- Extracted material -
○ ○ ○ ○
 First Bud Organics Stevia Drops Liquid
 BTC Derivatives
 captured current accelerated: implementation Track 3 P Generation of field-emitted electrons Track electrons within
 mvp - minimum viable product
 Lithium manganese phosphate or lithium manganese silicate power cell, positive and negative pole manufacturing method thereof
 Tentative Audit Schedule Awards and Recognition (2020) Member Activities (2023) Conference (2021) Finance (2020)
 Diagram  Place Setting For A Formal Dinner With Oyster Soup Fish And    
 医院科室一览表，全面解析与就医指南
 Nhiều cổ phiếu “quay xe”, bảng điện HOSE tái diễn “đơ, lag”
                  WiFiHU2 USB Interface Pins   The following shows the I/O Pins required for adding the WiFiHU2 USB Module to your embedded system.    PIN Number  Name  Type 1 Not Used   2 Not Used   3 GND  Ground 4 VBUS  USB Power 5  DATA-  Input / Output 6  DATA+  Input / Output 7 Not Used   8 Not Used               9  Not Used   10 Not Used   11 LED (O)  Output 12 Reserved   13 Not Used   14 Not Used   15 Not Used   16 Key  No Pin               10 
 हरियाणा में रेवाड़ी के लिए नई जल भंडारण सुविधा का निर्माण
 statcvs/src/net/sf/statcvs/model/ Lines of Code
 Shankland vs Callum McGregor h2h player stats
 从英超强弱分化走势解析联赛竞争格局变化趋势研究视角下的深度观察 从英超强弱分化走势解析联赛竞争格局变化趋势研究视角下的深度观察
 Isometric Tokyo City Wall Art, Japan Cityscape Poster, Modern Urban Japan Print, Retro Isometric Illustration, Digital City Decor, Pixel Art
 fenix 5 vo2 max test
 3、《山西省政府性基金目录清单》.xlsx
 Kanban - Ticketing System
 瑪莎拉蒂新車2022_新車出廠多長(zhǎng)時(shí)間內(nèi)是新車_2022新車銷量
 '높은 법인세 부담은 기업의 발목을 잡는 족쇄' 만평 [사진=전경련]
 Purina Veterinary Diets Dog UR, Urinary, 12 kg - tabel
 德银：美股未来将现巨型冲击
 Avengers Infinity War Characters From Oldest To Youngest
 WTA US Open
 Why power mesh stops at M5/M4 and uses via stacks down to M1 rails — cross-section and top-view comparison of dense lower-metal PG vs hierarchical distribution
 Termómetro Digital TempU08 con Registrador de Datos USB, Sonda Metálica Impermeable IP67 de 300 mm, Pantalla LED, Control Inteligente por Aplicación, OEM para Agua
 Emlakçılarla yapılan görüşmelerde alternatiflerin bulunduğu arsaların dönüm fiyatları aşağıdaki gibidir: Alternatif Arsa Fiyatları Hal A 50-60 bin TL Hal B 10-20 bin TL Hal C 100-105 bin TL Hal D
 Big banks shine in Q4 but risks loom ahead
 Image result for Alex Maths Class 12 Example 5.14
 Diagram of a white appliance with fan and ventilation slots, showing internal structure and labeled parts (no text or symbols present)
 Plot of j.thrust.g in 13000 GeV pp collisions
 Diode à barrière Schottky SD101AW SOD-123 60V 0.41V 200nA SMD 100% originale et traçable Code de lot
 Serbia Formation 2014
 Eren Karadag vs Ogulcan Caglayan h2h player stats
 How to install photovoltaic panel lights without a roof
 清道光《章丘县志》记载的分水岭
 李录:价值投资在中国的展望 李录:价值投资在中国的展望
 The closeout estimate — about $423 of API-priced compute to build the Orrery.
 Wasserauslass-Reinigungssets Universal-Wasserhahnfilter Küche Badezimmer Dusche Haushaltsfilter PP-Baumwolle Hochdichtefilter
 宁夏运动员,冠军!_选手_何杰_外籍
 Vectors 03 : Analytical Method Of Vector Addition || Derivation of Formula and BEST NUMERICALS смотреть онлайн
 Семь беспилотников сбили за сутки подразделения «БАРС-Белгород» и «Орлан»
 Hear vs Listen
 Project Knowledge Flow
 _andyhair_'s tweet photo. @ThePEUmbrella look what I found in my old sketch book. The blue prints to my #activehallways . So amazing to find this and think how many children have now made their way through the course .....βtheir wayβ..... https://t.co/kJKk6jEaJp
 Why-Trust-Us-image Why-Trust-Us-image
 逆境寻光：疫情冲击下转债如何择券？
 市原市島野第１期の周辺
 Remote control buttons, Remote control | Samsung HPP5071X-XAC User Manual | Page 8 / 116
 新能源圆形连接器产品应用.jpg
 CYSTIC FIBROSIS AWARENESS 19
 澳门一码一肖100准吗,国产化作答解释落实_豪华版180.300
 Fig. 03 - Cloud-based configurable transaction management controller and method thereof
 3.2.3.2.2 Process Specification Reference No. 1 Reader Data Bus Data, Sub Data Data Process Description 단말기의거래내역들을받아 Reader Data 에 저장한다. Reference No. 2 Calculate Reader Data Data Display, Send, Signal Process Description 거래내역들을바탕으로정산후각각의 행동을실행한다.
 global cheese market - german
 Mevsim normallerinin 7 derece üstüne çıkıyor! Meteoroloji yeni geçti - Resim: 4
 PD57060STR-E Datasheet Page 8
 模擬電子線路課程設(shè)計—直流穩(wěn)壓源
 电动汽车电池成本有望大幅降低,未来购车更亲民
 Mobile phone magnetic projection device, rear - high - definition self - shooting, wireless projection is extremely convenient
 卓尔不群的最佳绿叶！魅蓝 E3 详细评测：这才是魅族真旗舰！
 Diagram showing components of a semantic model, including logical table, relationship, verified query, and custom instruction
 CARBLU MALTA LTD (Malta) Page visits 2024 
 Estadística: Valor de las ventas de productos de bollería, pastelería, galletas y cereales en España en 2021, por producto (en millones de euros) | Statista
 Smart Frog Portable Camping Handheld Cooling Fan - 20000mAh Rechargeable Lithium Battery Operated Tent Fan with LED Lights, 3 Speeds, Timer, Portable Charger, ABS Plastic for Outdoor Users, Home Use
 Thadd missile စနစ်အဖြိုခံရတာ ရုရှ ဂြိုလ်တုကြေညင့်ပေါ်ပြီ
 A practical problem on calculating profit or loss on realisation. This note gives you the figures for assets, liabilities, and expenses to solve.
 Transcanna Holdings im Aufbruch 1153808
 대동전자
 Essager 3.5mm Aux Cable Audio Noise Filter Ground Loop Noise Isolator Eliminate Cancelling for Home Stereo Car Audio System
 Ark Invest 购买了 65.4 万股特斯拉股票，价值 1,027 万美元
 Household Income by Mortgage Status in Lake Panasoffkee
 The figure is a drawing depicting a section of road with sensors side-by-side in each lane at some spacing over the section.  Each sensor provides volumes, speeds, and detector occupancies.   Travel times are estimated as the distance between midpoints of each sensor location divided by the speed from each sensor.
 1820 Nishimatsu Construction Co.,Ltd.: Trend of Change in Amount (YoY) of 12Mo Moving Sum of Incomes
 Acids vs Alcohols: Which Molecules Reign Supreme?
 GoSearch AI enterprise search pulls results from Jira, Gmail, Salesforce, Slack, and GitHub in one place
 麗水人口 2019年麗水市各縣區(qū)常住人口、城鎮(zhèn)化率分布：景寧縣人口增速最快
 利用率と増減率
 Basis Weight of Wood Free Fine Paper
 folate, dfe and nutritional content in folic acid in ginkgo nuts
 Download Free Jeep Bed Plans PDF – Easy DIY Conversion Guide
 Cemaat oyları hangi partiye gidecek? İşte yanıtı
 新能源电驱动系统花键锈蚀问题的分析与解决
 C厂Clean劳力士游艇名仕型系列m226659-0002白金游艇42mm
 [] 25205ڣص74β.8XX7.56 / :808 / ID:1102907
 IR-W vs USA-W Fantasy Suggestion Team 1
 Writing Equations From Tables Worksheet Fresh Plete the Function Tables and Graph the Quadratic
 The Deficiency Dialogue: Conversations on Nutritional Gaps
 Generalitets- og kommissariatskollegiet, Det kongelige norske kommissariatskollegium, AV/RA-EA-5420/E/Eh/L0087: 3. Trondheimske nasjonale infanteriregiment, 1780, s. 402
○ ○ ○ ○
- The problem -
The output should be exactly the lines above from the line containing "Ark Invest 购买了 65.4 万股特斯拉股票，价值 1,027 万美元" to the line containing "Household Income by", inclusive, with no other lines.

- Your solution -
 Ark Invest 购买了 65.4 万股特斯拉股票，价值 1,027 万美元
 Household Income by Mortgage Status in Lake Panasoffkee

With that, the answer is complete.